Smart breeding driven by big data, artificial intelligence, and integrated genomic-enviromic prediction_ICT in Agrifood Sustainability_Research

November 07, 2022 | Molecular Plant |

Introduction: Climate change and population growth necessitate a transition from traditional phenotypic selection to data-driven "smart breeding". A research team led by CIMMYT-China and the Chinese Academy of Agricultural Sciences review how big data analytics and artificial intelligence are transforming crop breeding through the integration of genomic and enviromic information. The paper introduces the integrated genomic–enviromic prediction (iGEP) framework, which links genetic, environmental, and management data to better capture genotype performance across diverse environments.

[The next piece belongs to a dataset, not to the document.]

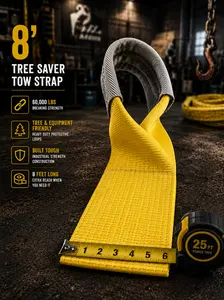 6”x8’ tree saver recovery strap and lifting sling combo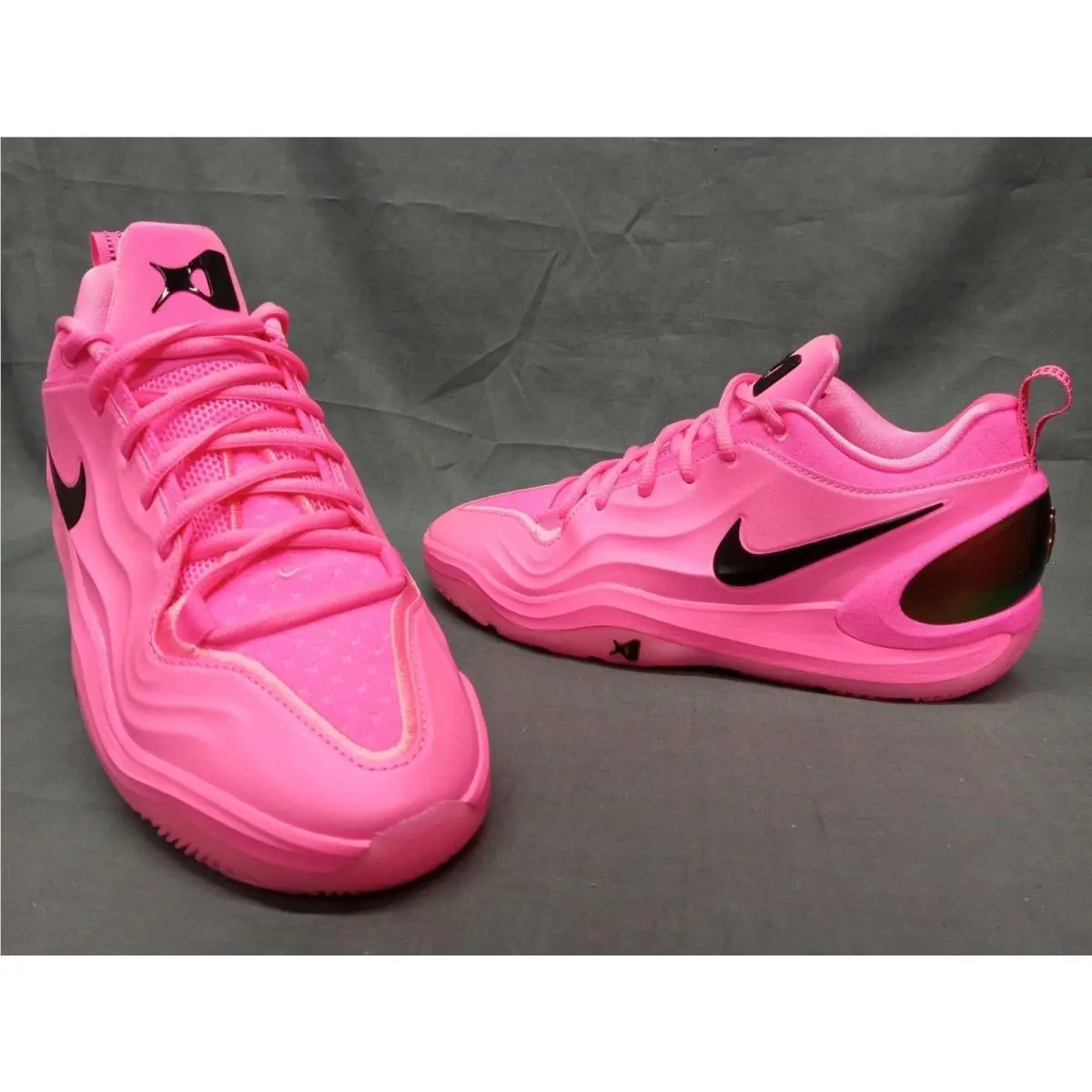A `two (gs) A `two GS A`ja Wilson Sneakers Pink Beam Black Girls Size 6.5 by Nike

Drawing on examples from maize, wheat, and rice, the review positions AI-driven prediction as a core component of future “smart breeding” systems.

Key findings: The study introduces iGEP as an extension of genomic selection, demonstrating that treating environmental components (E) with comparable dimensionality to genotypes (G) and phenotypes (P) improves prediction under strong genotype-by-environment (G×E) interactions. Across reviewed cases, incorporating biologically informed enviromic covariates—such as temperature, radiation, and water-stress indices—raises prediction accuracy by approximately 10–30% compared with genome-only models. The authors show that machine learning and deep learning approaches better capture non-linear and multi-layer biological relationships than linear regressions. When transcriptomic and metabolomic data are used as intermediate phenotypes, maize yield prediction accuracy increases from 0.159 (genomic selection alone) to 0.245. High-throughput phenotyping (HTP) and remote sensing further enable earlier, more cost-efficient selection.

Importantly, iGEP supports crop redesign at multiple scales. At the micro scale, it enables the redesign of genes, metabolic pathways, and regulatory networks underlying complex traits. At the macro scale, it informs the redesign of individuals, populations, and species, supporting concepts such as perennial crop development and virtual evaluation of genotypes in untested or future environments for climate-adaptive variety targeting. To address big-data challenges, the study emphasizes overcoming the curse of dimensionality through feature selection and dimensionality reduction, as well as the digitalization of breeders’ experiential knowledge via AI-assisted decision support. Transfer learning is identified as a key approach for extending iGEP to non-model crops with limited labeled data, while managing the “9 Vs” of breeding big data—volume, velocity, variety, and veracity among them—remains essential for translating smart breeding into sustained genetic gains.

Figure | Overview of a system using big data and AI for smart breeding.

Data are collected for envirotype (E), genotype (G), and phenotype (P). Big data are stored, processed, and sampled to build and validate models with machine and deep learning and AI-assisted deep analyses. Trained models are used for phenotype prediction and selection to develop improved varieties. Smart breeding is driven by data, computational capacity, algorithms, and knowledge. GCA, general combining ability; SCA, specific combining ability; MAS, marker-assisted selection; MARS, marker-assisted recurrent selection; GS, genomic selection; iGEP, integrated genomic-enviromic prediction.